**Work request**
In the records below, repeat word for word only the lines starting at the one that contains "A flock of sheep, their" and ending at the one that contains "ぜいたくトマト 約1.7kg◇", pictures excluded.

**Data for processing**
*** Begin section ***
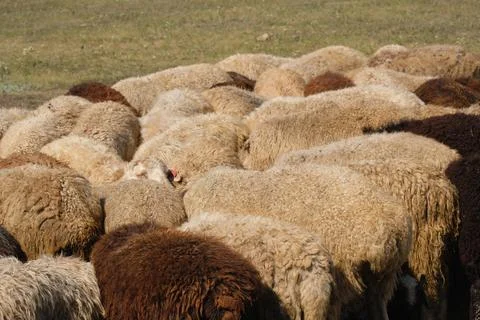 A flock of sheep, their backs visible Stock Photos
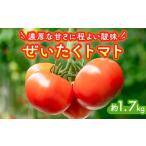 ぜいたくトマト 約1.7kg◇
*** End section ***
*** Begin section ***
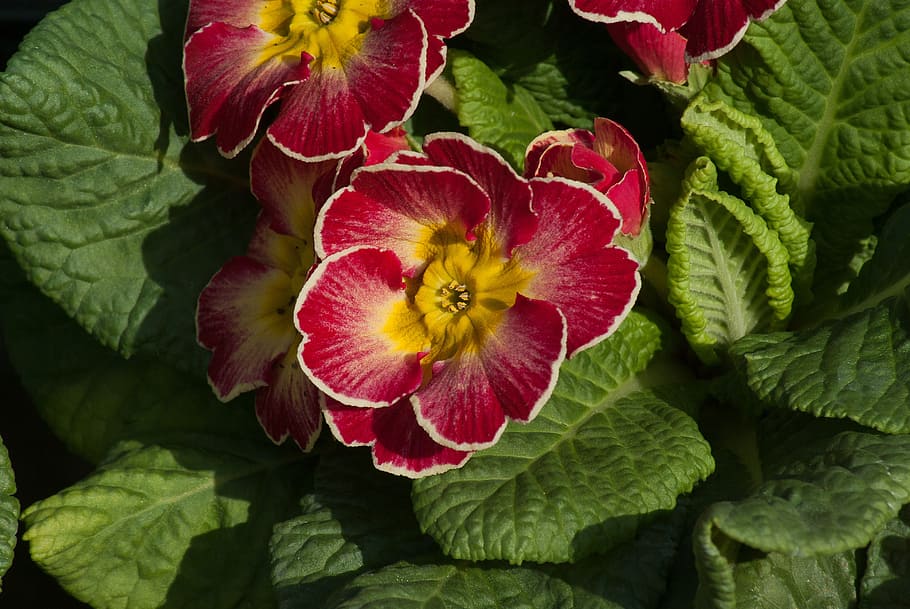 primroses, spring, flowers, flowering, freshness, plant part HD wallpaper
*** End section ***
**Exercise solution**
 A flock of sheep, their backs visible Stock Photos
 ぜいたくトマト 約1.7kg◇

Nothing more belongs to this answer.